Here's a little experiment to illustrate this. Create a buffer and display it in another window (it doesn't matter whether that window is in the same frame or not). Stick to a window that doesn't show the buffer. Insert some text in the buffer, without selecting the other window, and notice that the buffer's point is updated to be after the inserted text. Then select the window displaying the buffer. Notice that now the buffer's point has now changed to the window's point.
(with-selected-window (selected-window) (find-file-other-window "foo"))
#<buffer foo>
(with-current-buffer (set-buffer "foo") (insert "foo") (cons (point) (point-max)))
(4 . 4)
(with-selected-window (selected-window) (other-window 1))
nil
(with-current-buffer (set-buffer "foo") (cons (point) (point-max)))
(1 . 4)
To avoid this effect where the point is reset to another location when the user switches to a window that displays the buffer, you can use insert-before-markers
instead of plain insert
. This works because the window's point is implemented as a marker internally. (The buffer's point is not a marker.) This is what accept-process-output
does internally, for example, which is why output from a subprocess doesn't get mixed up when the destination buffer is displayed in a non-selected window.
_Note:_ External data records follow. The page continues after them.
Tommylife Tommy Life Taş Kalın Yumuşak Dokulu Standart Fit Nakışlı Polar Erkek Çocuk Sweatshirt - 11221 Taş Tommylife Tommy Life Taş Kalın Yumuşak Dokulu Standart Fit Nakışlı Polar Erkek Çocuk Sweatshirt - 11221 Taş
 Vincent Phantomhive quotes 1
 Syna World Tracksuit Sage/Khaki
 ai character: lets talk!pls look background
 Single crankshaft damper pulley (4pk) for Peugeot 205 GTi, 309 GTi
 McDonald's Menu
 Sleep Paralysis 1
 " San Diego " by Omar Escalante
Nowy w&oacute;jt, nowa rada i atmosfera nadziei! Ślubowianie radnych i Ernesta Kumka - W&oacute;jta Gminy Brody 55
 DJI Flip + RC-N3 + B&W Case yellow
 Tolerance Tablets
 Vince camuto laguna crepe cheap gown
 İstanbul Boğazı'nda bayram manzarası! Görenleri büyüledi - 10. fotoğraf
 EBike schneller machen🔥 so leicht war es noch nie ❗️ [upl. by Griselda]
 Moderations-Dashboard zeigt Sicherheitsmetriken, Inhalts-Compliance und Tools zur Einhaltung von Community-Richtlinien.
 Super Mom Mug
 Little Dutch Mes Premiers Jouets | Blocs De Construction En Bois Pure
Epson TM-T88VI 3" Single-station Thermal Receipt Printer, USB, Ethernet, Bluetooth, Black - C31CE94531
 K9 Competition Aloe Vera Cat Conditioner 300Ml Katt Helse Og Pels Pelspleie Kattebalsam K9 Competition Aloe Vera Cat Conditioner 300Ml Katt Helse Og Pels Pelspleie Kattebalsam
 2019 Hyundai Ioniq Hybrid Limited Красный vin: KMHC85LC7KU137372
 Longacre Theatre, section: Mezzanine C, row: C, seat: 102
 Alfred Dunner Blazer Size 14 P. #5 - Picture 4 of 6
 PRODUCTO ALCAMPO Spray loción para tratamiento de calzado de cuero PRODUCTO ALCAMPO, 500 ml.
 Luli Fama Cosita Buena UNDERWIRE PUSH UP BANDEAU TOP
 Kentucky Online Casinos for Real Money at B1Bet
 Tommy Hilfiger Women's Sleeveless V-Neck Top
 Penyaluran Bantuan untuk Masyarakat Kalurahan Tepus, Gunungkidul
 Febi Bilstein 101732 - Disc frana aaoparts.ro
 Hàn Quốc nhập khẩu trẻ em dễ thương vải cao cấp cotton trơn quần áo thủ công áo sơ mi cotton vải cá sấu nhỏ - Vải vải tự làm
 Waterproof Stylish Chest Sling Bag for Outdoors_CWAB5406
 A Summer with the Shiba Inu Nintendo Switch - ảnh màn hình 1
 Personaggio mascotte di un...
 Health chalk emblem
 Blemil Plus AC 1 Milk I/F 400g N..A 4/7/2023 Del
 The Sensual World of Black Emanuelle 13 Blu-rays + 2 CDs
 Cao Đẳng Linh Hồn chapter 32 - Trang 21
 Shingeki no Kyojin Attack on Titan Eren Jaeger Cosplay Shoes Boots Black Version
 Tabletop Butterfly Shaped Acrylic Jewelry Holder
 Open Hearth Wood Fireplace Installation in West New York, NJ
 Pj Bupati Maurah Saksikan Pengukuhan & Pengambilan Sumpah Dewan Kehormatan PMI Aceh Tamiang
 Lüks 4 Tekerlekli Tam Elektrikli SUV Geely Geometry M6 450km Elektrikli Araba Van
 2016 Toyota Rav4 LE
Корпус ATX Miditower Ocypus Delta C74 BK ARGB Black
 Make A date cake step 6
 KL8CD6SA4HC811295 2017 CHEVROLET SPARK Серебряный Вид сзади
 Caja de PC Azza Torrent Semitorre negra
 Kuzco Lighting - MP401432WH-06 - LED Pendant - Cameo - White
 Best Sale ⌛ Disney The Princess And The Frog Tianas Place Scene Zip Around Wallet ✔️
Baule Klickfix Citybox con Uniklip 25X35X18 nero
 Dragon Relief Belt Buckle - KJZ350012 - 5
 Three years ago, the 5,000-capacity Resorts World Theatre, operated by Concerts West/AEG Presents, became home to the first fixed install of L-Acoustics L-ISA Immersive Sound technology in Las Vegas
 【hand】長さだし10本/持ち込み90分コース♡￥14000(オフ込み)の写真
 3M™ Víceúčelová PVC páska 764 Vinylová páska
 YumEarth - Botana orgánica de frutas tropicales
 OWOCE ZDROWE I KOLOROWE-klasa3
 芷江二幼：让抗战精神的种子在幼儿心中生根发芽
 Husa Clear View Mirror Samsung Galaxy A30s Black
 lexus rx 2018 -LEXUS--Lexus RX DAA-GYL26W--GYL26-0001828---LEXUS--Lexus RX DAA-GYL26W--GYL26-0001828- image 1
Another approach is to set window-point-insertion-type
to t
. By default, a window's point stays behind insertions. By setting it to a non-nil value, the window's point moves with insertions at that location. This is the approach used by Comint, for example: it declares window-point-insertion-type
as buffer-local and sets it to t
.
In your experiment, you never explicitly switch to the window that's displaying the test buffer. But that buffer is in the selected window of another GUI frame. Since the insertion code is running in a timer, with user interactions between each insertion, the redisplay code runs between each insertion. One of the effects of the redisplay code is to recalculate the frame's title. Deep in the bowels of x_consider_frame_title
, the code temporarily selects the frame's selected window, causing the cursor update. This analysis is confirmed by running the experiment with the buffer displayed in a terminal frame instead of a GUI frame: the insertions are in the expected order. You'd see the same effect from any kind of asynchronous operation: timer, process sentinel, etc.